Jeanne s’était demandé combien, en deux ans, rapporterait la faveur de la reine et l’amour du cardinal; elle avait évalué le revenu de ces deux bonheurs à cinq ou six cent mille livres, après lesquelles le dégoût, la disgrâce, l’abandon, viendraient faire expier la faveur, la vogue et l’engouement.
«Je gagne à mon plan sept à huit cent mille livres», se dit la comtesse.
On verra comment cette âme profonde fraya la route tortueuse qui devait aboutir à la honte pour elle, au désespoir pour les autres.
«Rester à Paris, résuma la comtesse, faire ferme en assistant à tout le jeu des deux acteurs; ne leur laisser jouer que le rôle utile à mes intérêts; choisir parmi les bons moments un moment favorable pour la fuite; que ce soit une commission donnée par la reine; que ce soit une véritable disgrâce qu’on saisirait au bond.
«Empêcher le cardinal de jamais communiquer avec Marie-Antoinette.
«Voilà surtout la difficulté, puisque monsieur de Rohan est amoureux, qu’il est prince, qu’il a droit d’entrer chez Sa Majesté plusieurs fois l’année, et que la reine, coquette, avide d’hommages, reconnaissante d’ailleurs envers le cardinal, ne se sauvera pas si on la recherche.

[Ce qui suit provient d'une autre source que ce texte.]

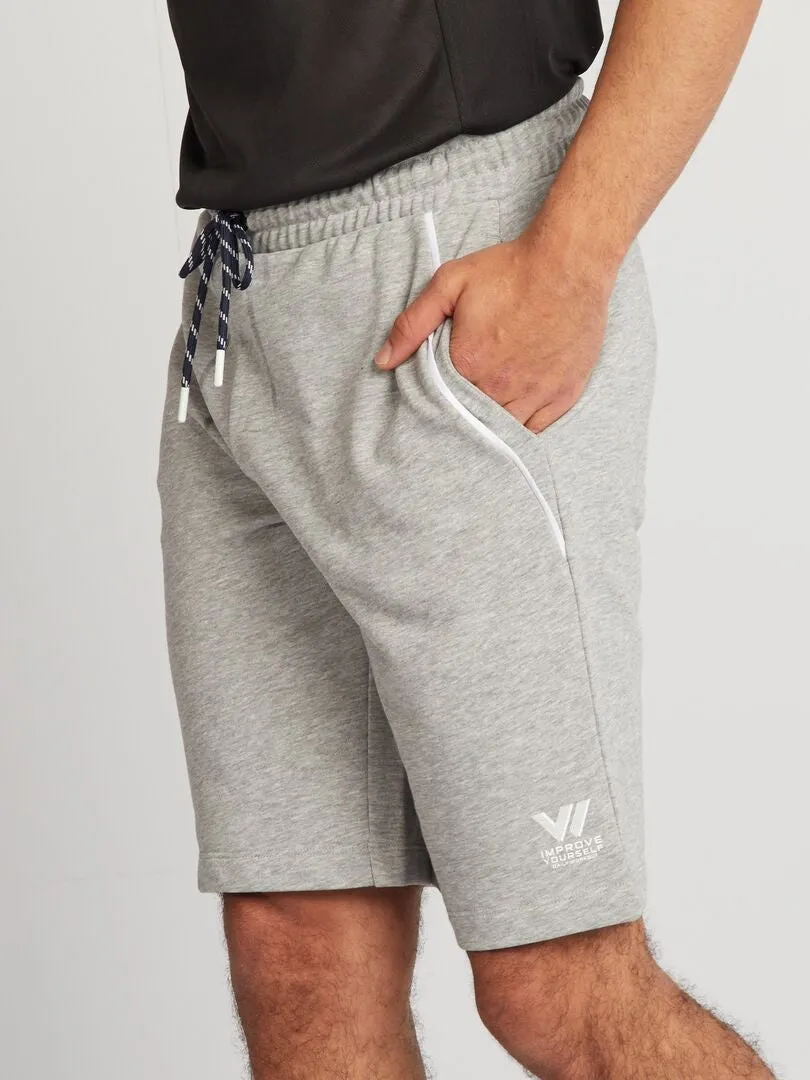 PANTALóN CORTO DE CHáNDAL CON CINTURA ELáSTICA  GRIS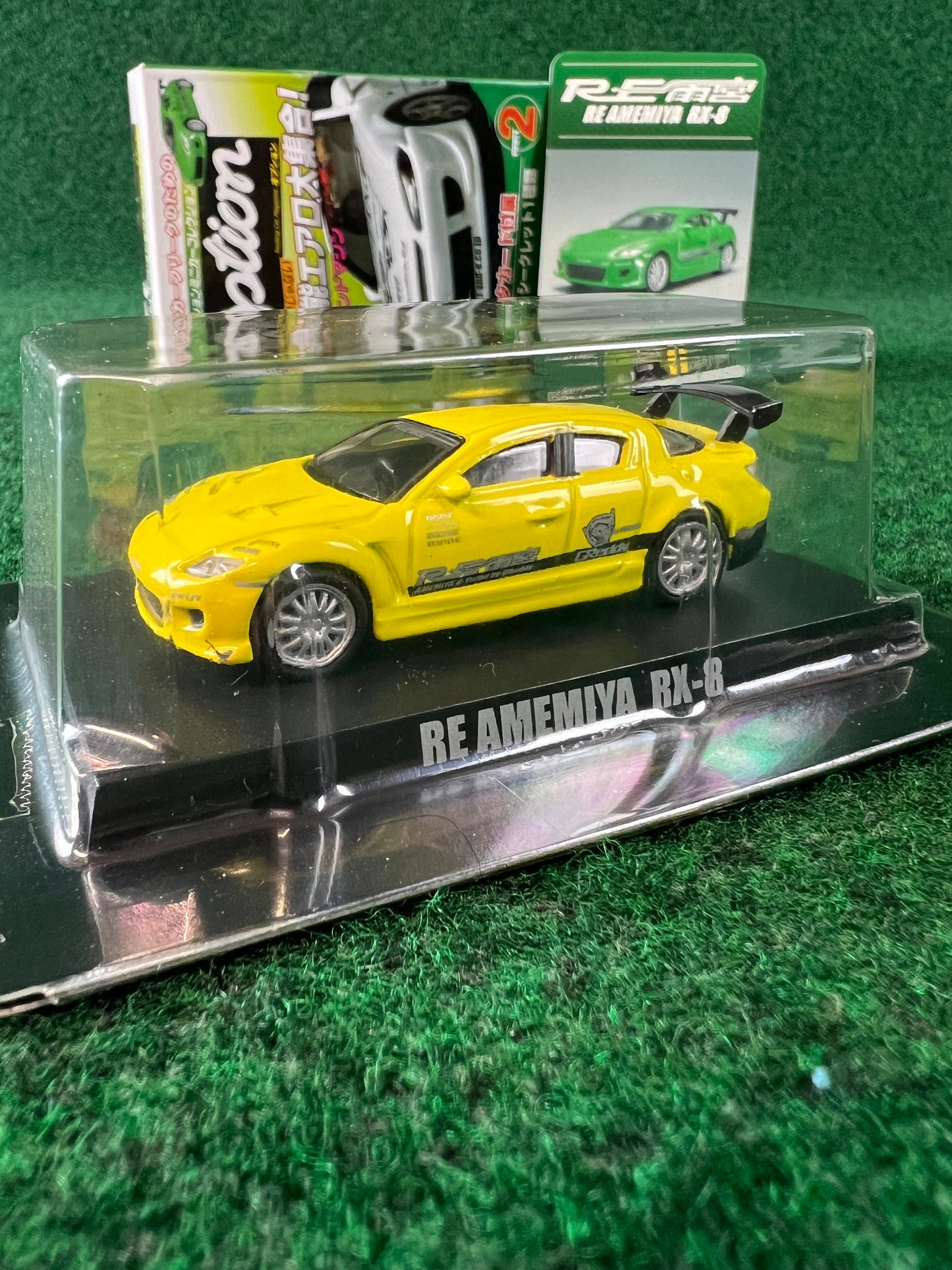 Aoshima - Option RE Amemiya Mazda RX-8 (Yellow) 1/64 Scale Diecast Car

«Ce moyen de séparer les deux augustes personnages, les événements le fourniront. On aidera les événements.
«Rien ne serait aussi bon, aussi adroit que d’exciter chez la reine l’orgueil qui couronne la chasteté. Nul doute qu’une avance un peu vive du cardinal ne blesse la femme fine et susceptible. Les natures semblables à celles de la reine aiment les hommages, mais redoutent et repoussent les attaques.
«Oui, le moyen est infaillible. En conseillant à monsieur de Rohan de se déclarer librement, on opérera sur l’esprit de Marie-Antoinette un mouvement de dégoût, d’antipathie, qui éloignera pour jamais, non pas le prince de la princesse, mais l’homme de la femme, le mâle de la femelle. Par cette raison, l’on aura pris des armes contre le cardinal, dont on paralysera toutes les manœuvres au grand jour des hostilités.

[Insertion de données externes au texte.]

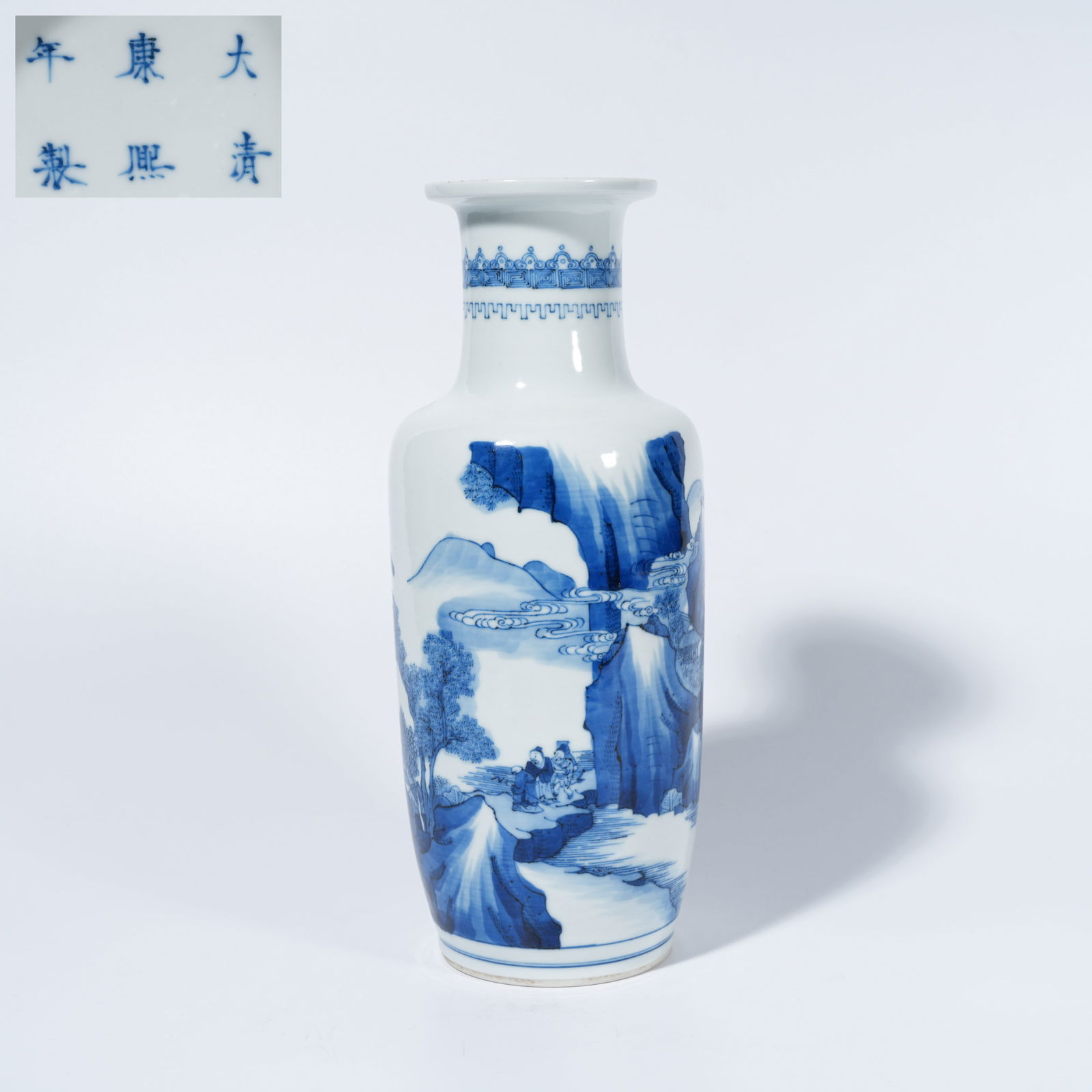 A BLUE-AND-WHITE LANDSCAPE AND FIGURAL CLUB-SHAPED VASE: Blue-and-White Landscape and Figural Club-Shaped Vase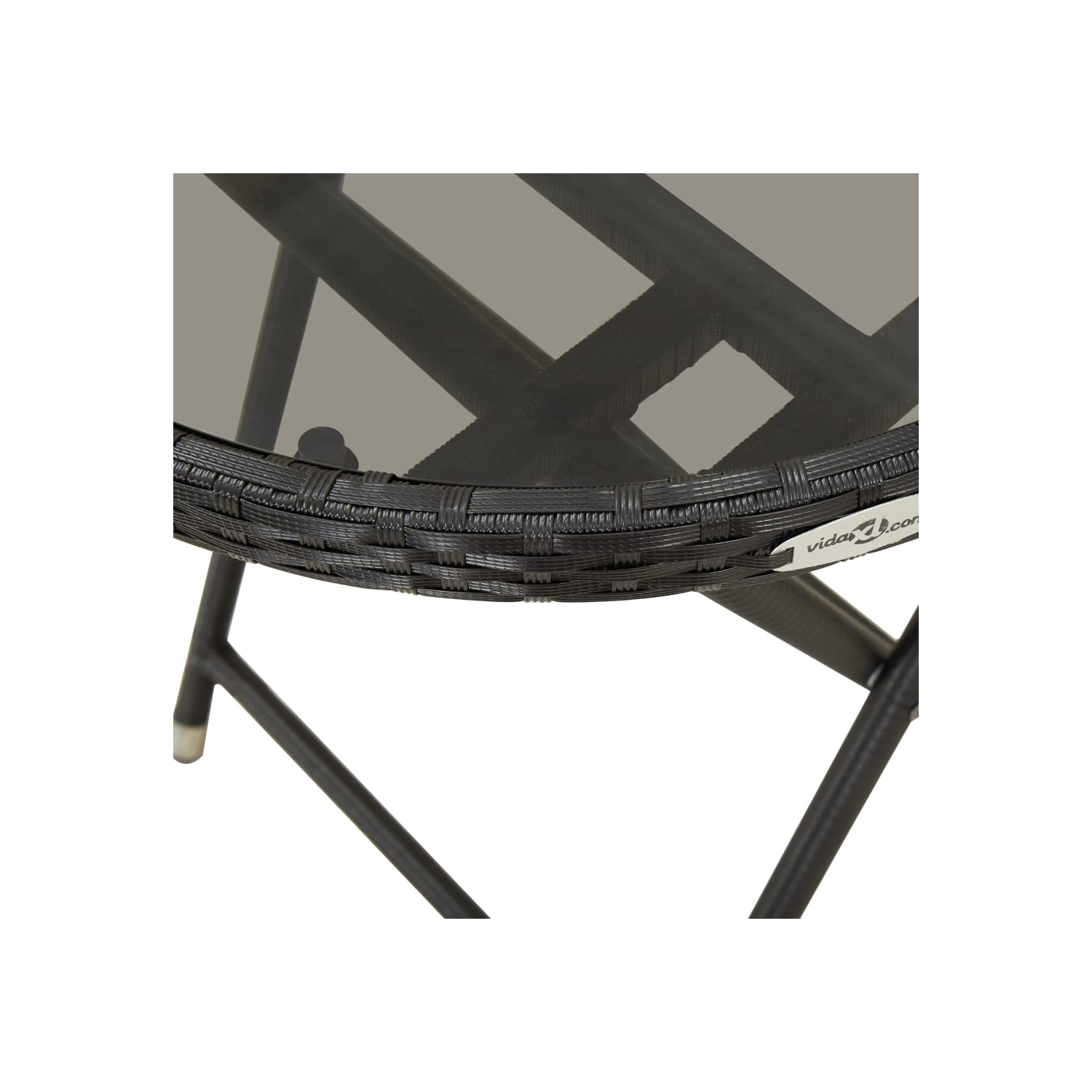 Ensemble bistro de patio de 3 pièces en poly rotin et verre trempé noir vidaXL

«Soit. Mais encore une fois, si l’on rend le cardinal antipathique à la reine, on n’agit que sur le cardinal: on laisse rayonner la vertu de la reine, c’est-à-dire qu’on affranchit cette princesse, et qu’on lui donne cette liberté de langage qui facilite toute accusation et lui donne le poids de l’autorité.
«Ce qu’il faut, c’est une preuve contre monsieur de Rohan et contre la reine; c’est une épée à double tranchant qui blesse à droite et à gauche, qui blesse en sortant du fourreau, qui blesse en coupant le fourreau lui-même.

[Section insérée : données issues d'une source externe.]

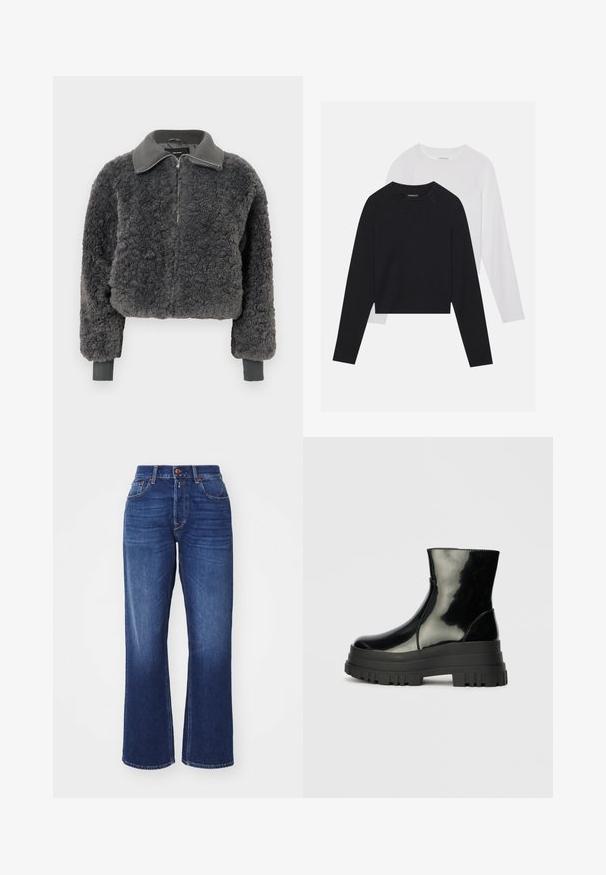 Tamsiai pilkas dirbtinio kailio zip-up džemperis su nertos apykaklės ir rankogalių detalėmis, su priekiniais užtrauktukais ir šiek tiek sutrumpintu kirpimu.; Du dušo ilgomis rankovėmis marškiniai: vieni juodi, kiti balti. Abu marškiniai turi apvalų iškirpimą, raglan tipo rankoves ir minkštą medvilnės mišinio audinį.; Tamsiai mėlynos džinsinės kelnės su plačia kojų iškirpimu, aukštu liemeniu, priekinėmis kišenėmis ir mygtukų užsegimu. Yra lengvas spalvos blukimas ir kontrastingi siūlai.; Juodas blizgus kulkšninis botas su storu iškilniu padu ir apvaliu pirštu, šoninis vaizdas ant vientiso šviesiai pilko fono.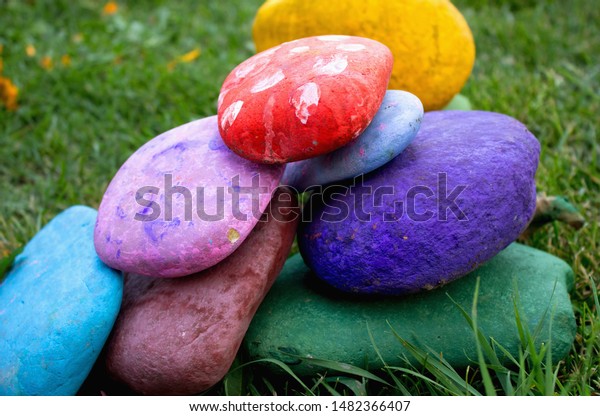 Colored Stones Wall Decorative Stones Stock Photo Edit Now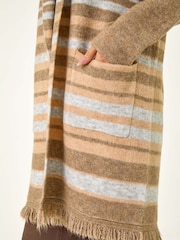 Roman Natural Stripe Print Knit Longline Cardigan - Image 5 of 5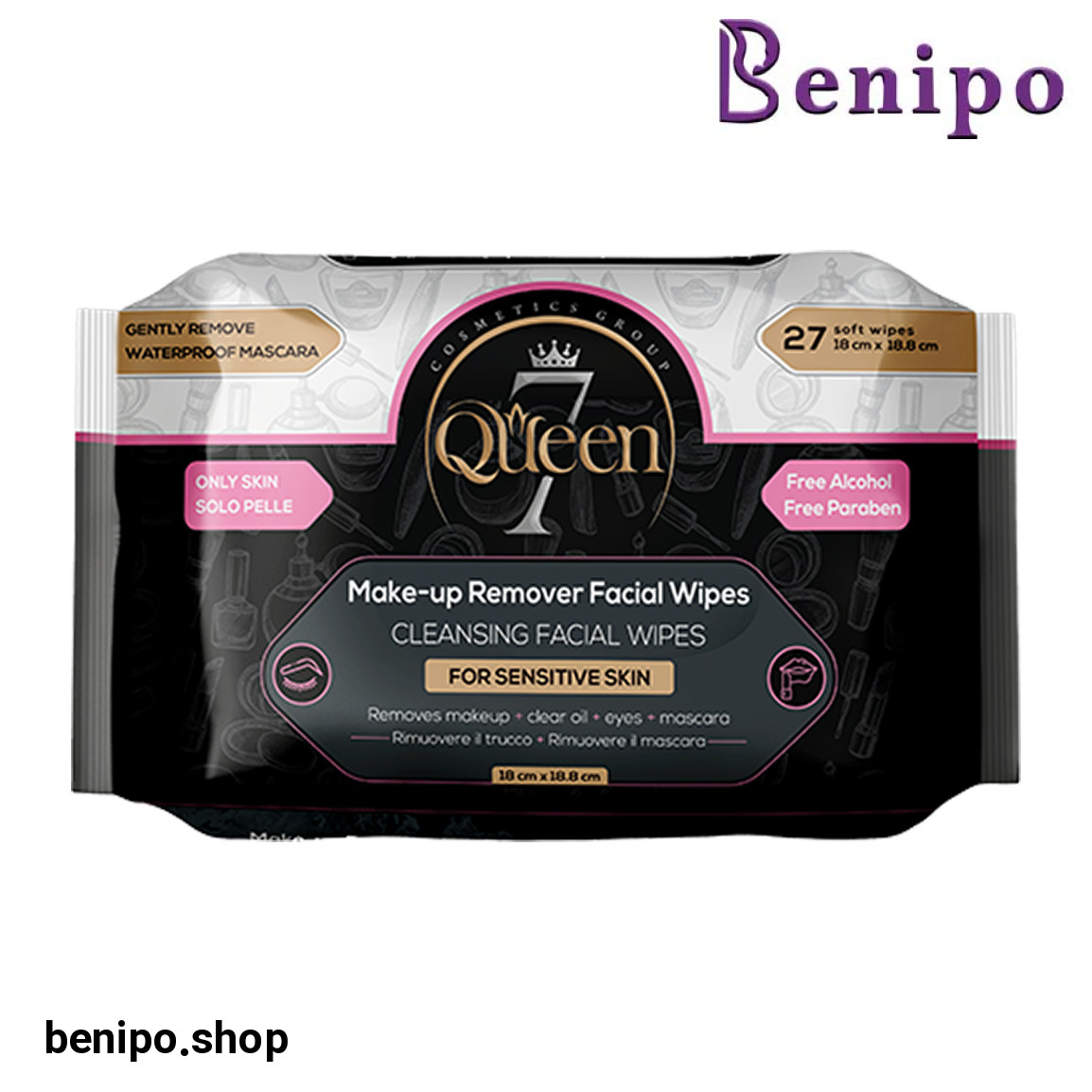 دستمال مرطوب آرایش پاک کن مناسب پوست حساس بسته 27عددی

«Ce qu’il faut, c’est une accusation qui fasse pâlir la reine, qui fasse rougir le cardinal, qui, accréditée, lave de tout soupçon étranger Jeanne, confidente des deux principaux coupables. Ce qu’il faut, c’est une combinaison derrière laquelle, retranchée en temps et lieu, Jeanne puisse dire: Ne m’accusez pas ou je vous accuse, ne me perdez pas ou je vous perds. Laissez-moi la fortune, je vous laisserai l’honneur.
«Cela vaut qu’on le cherche, pensa la perfide comtesse, et je le chercherai. Mon temps m’est payé à partir d’aujourd’hui.»
En effet, madame de La Motte s’enfonça dans de bons coussins, s’approcha de sa fenêtre, brûlée par le doux soleil, et en présence de Dieu, avec le flambeau de Dieu, elle chercha.
Chapitre 15
La prisonnière
Pendant ces agitations de la comtesse, pendant sa rêverie, une scène d’un autre ordre se passait dans la rue Saint-Claude, en face de la maison habitée par Jeanne.
Monsieur de Cagliostro, on se le rappelle, avait logé dans l’ancien hôtel de Balsamo la fugitive Oliva, poursuivie par la police de monsieur de Crosne.
Mademoiselle Oliva, fort inquiète, avait accepté avec joie cette occasion de fuir à la fois la police et Beausire; elle vivait donc, retirée, cachée, tremblante, dans cette demeure mystérieuse, qui avait abrité tant de drames terribles, plus terribles, hélas! que l’aventure tragi-comique de mademoiselle Nicole Legay.
Cagliostro l’avait comblée de soins et de prévenances: il semblait doux à la jeune femme d’être protégée par ce grand seigneur, qui ne demandait rien, mais qui semblait espérer beaucoup.
Seulement qu’espérait-il? voilà ce que se demandait inutilement la recluse.